[GOAL OF THE EXERCISE]
Set down again, exactly and only, the lines from the one that contains "Used 2017 Honda Pilot Elite image 18" through the last line of the records below, both included, but not the pictures.

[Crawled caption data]
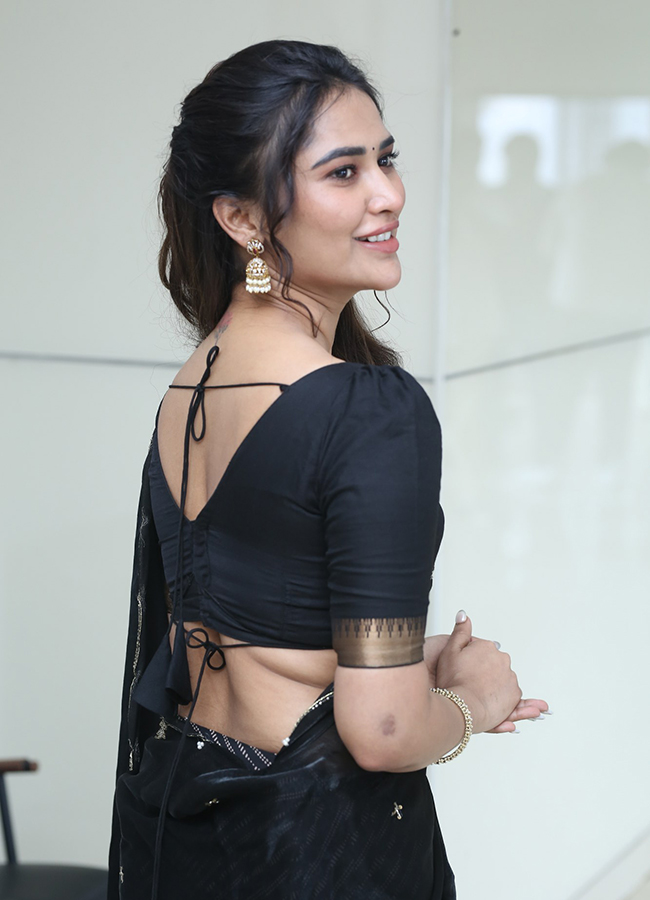 Tatvam Movie Actress Dashvika HD Photos19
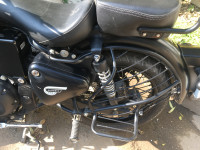 Royal Enfield Classic Stealth Black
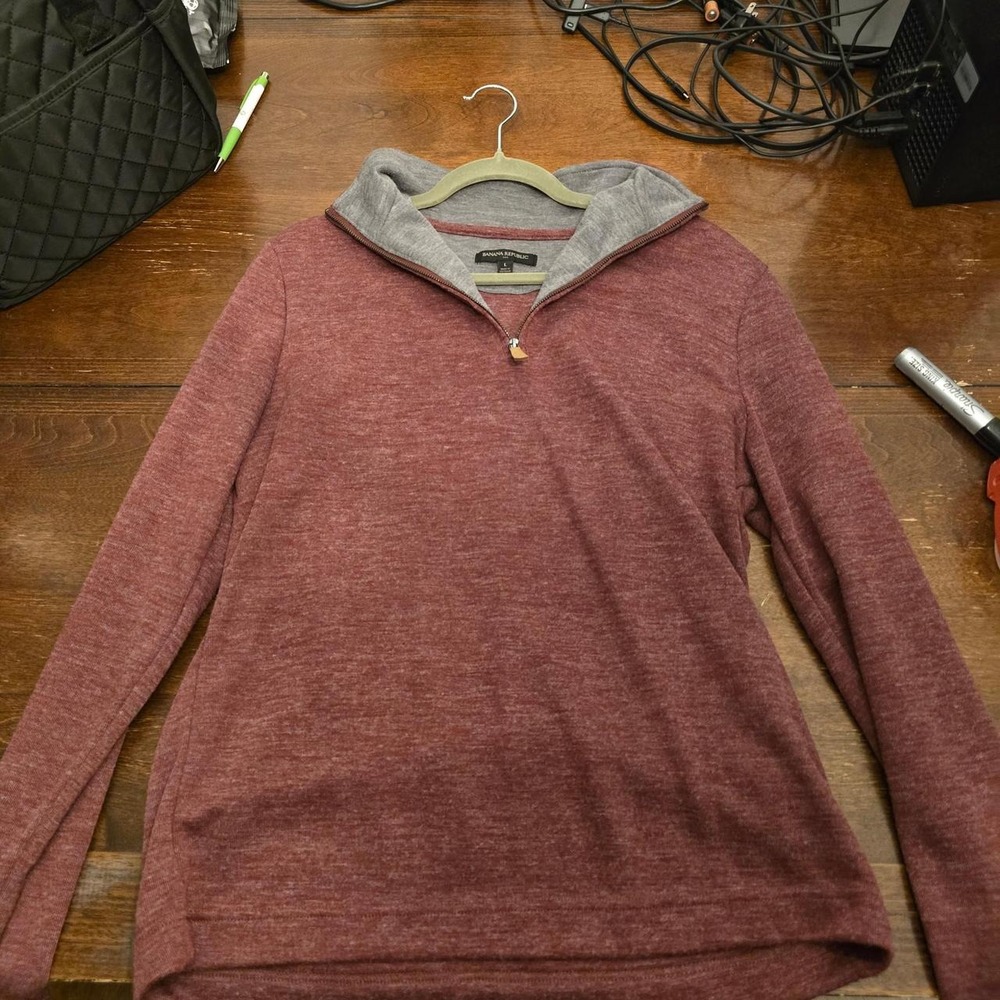 Banana Republic burgundy quarter zip sweatshirt Size L
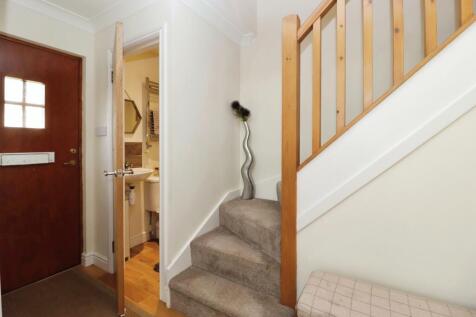 Hall/Cloakroom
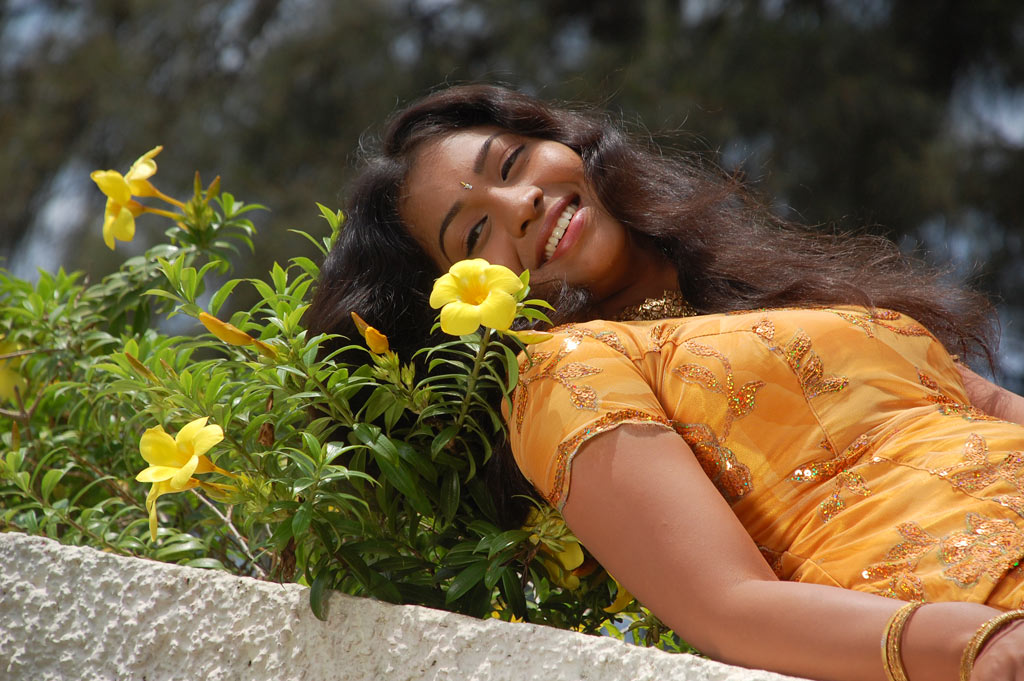 Thenmozhi Thanjavur Movie hd photo
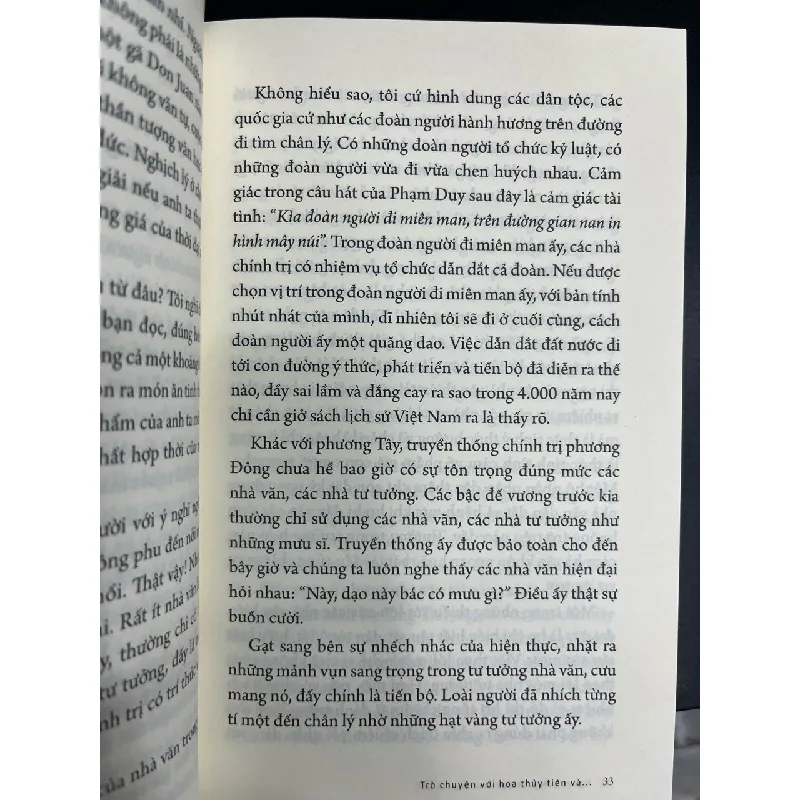 Trò chuyện với hoa thuỷ tiên và... - Nguyễn Huy Thiệp 674096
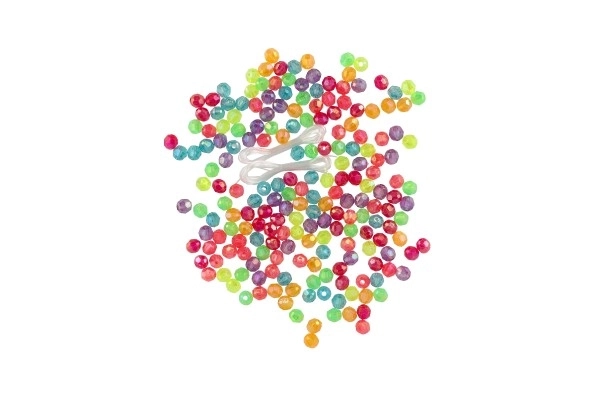 Perles avec ficelle en plastique mix de couleurs dans une boîte en plastique 3,5x12,5cm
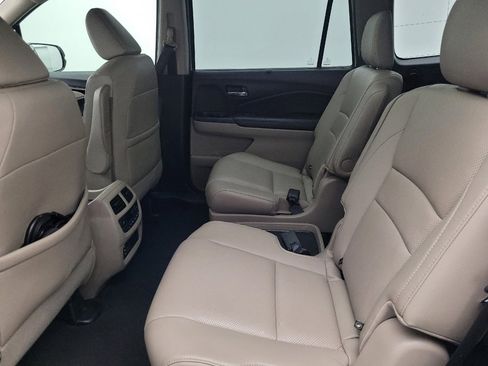 Used 2017 Honda Pilot Elite image 18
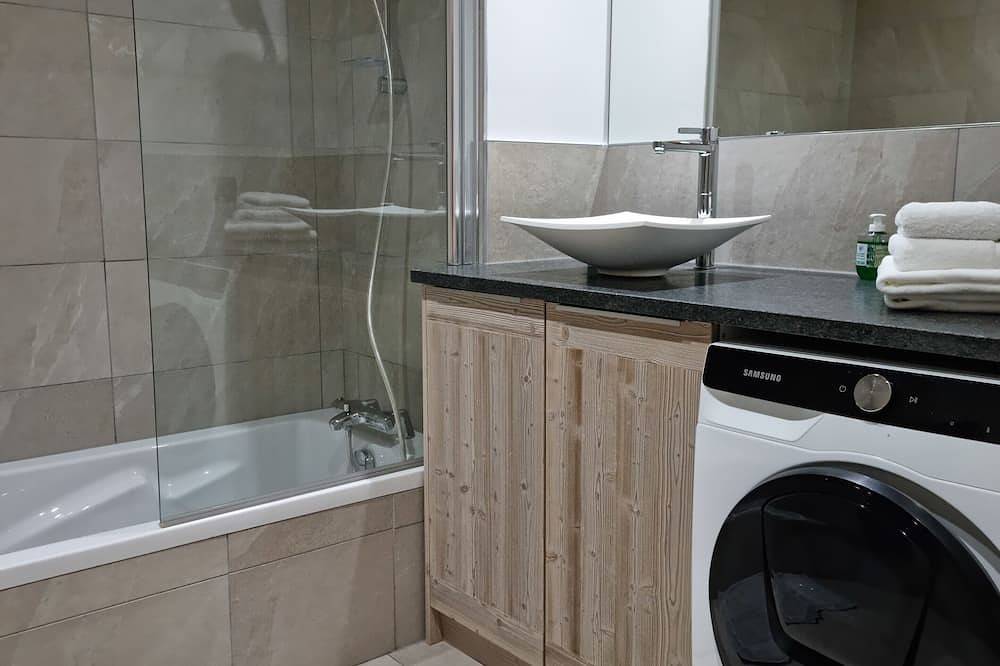 Apartamento entero, Sainte Foy - 3 Chambres - 3 Salle de Bains - Terrasse 50m2 - Wifi in Sainte-Foy-Tarentaise, Albertville region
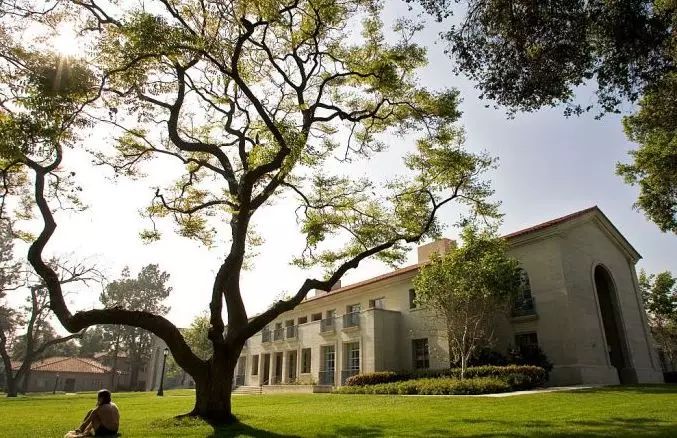 Pomona College ĪѧԺ.jpg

[YOUR SOLUTION]
 Used 2017 Honda Pilot Elite image 18
 Apartamento entero, Sainte Foy - 3 Chambres - 3 Salle de Bains - Terrasse 50m2 - Wifi in Sainte-Foy-Tarentaise, Albertville region
 Pomona College ĪѧԺ.jpg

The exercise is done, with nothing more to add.